* _EXERCISE PROMPT_
Set down every entry again word for word, please, but skip the pictures.
Start of DATA EXTRACTS
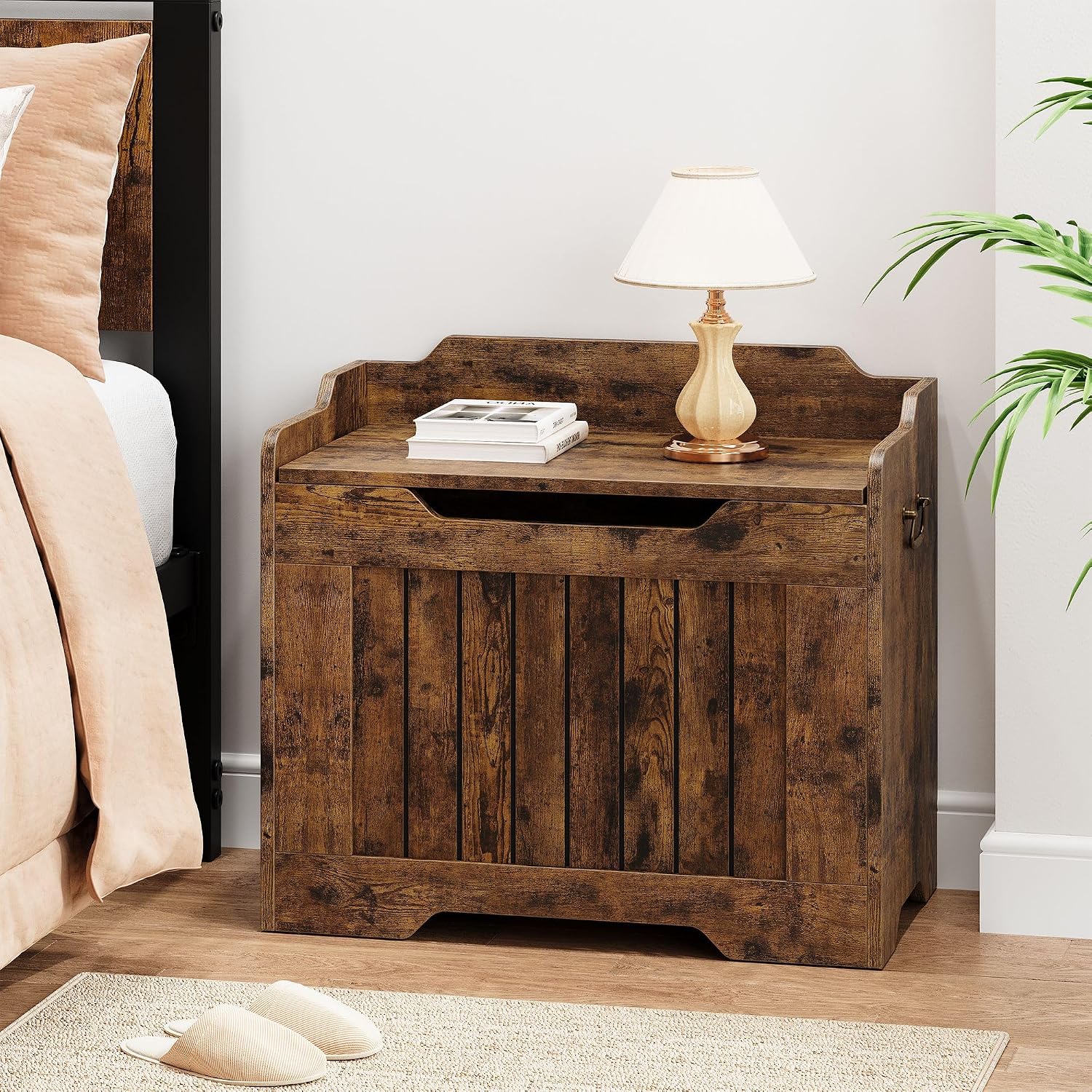 IDEALHOSUE 24.8” Storage Chest, Wooden Storage Bench with Safety Hinge, Retro Blanket Storage Trunk for Entryway, Living Room, Supports 350 lb, Rustic Brown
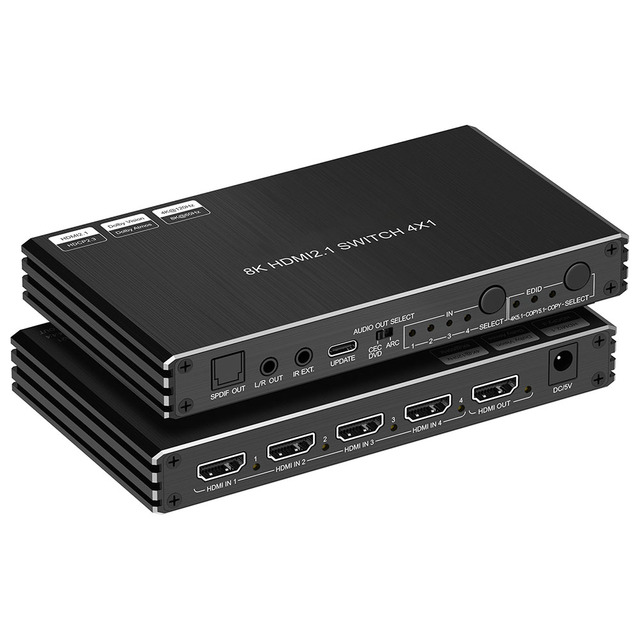8k hdmi Switch 4x1 hdmi 2.1 Switch with Audio Extractor 4 Input 1 Output Mit Rs232 hdmi Switch Splitter with Ir Remote Control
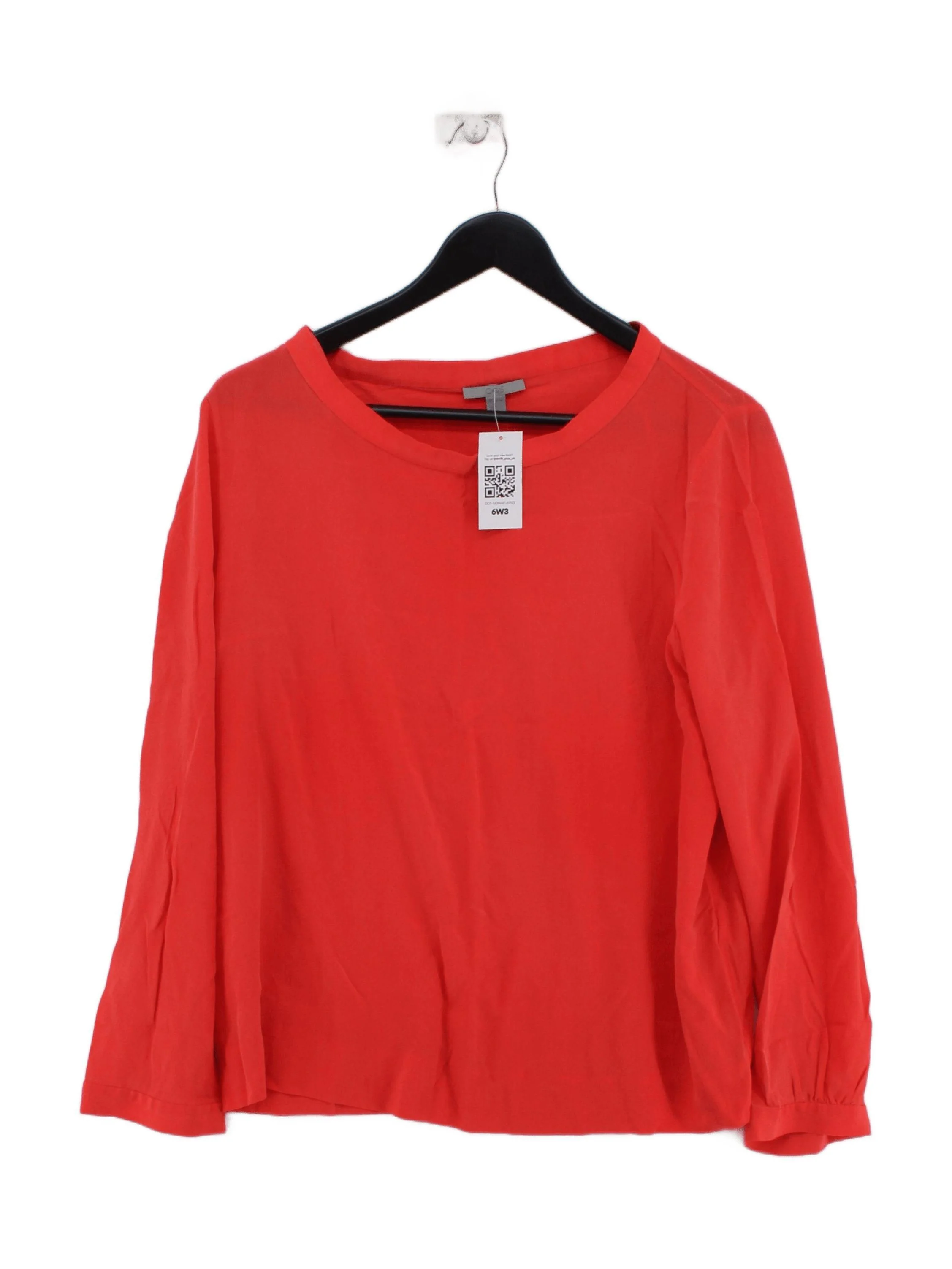 COS Women's Top UK 16 Orange 100% Silk Long Sleeve Round Neck Basic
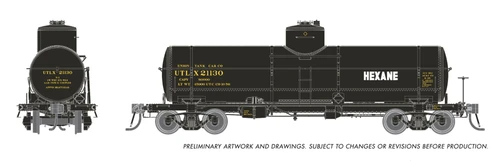 Rapido ~ HO Scale ~ Union X-3 8,000 Gal Tank Car ~ Union Tank Car UTLX #22764 ~ Hexane ~ 159108-22764
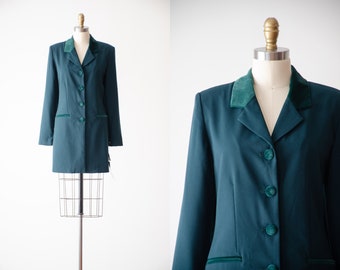 green velvet jacket | 90 vintage Amanda Smith dark forest green dark academia velvet trim long oversized blazer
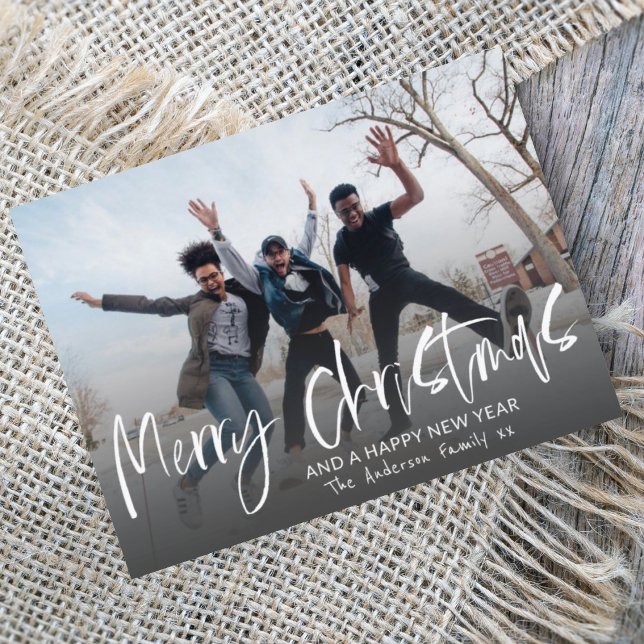 Elegant Merry Christmas White Calligraphy 1 Photo Postcard (Creator Uploaded)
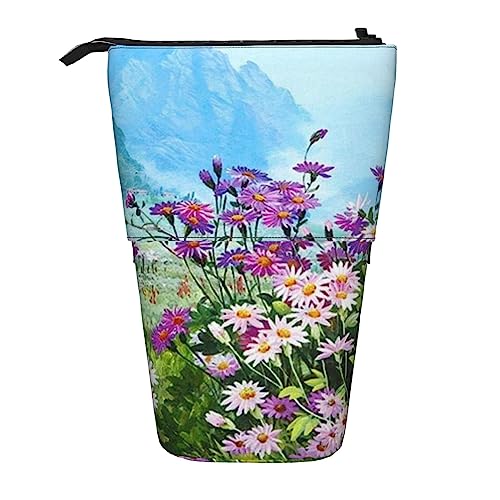 Ahdyr Federmäppchen, süßes stehendes Federmäppchen, einziehbares Federmäppchen, Wildblumen-Briefpapier-Organizer-Tasche von Ahdyr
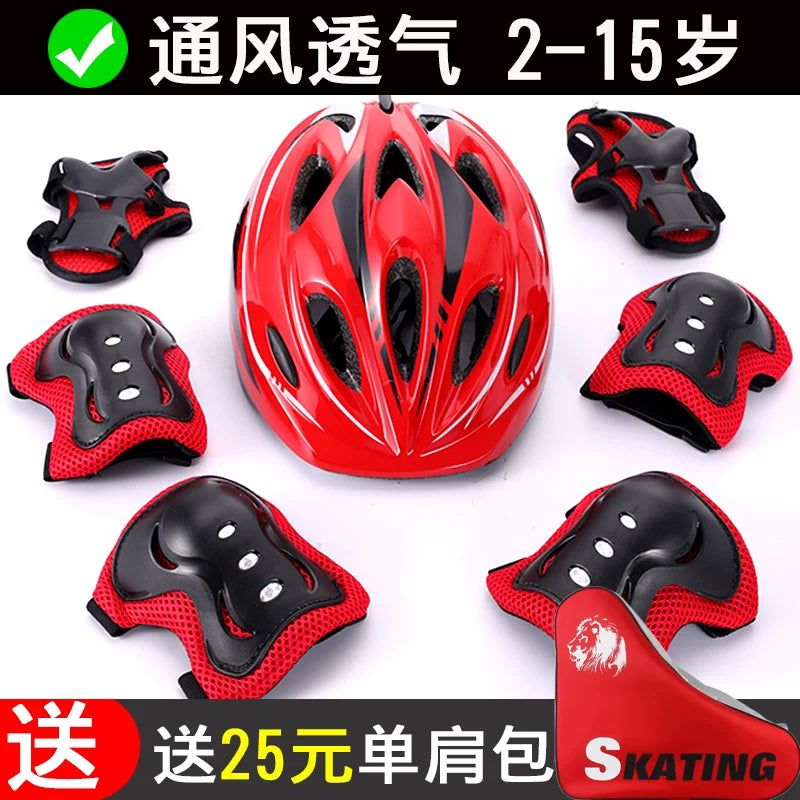 Kids' Protective Gear Set with Helmet, Knee, and Elbow Pads for Cycling, Skating, and Scooters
End of DATA EXTRACTS
* _RESULT OF THIS EXERCISE_
 IDEALHOSUE 24.8” Storage Chest, Wooden Storage Bench with Safety Hinge, Retro Blanket Storage Trunk for Entryway, Living Room, Supports 350 lb, Rustic Brown
8k hdmi Switch 4x1 hdmi 2.1 Switch with Audio Extractor 4 Input 1 Output Mit Rs232 hdmi Switch Splitter with Ir Remote Control
 COS Women's Top UK 16 Orange 100% Silk Long Sleeve Round Neck Basic
 Rapido ~ HO Scale ~ Union X-3 8,000 Gal Tank Car ~ Union Tank Car UTLX #22764 ~ Hexane ~ 159108-22764
 green velvet jacket | 90 vintage Amanda Smith dark forest green dark academia velvet trim long oversized blazer
 Elegant Merry Christmas White Calligraphy 1 Photo Postcard (Creator Uploaded)
 Ahdyr Federmäppchen, süßes stehendes Federmäppchen, einziehbares Federmäppchen, Wildblumen-Briefpapier-Organizer-Tasche von Ahdyr
 Kids' Protective Gear Set with Helmet, Knee, and Elbow Pads for Cycling, Skating, and Scooters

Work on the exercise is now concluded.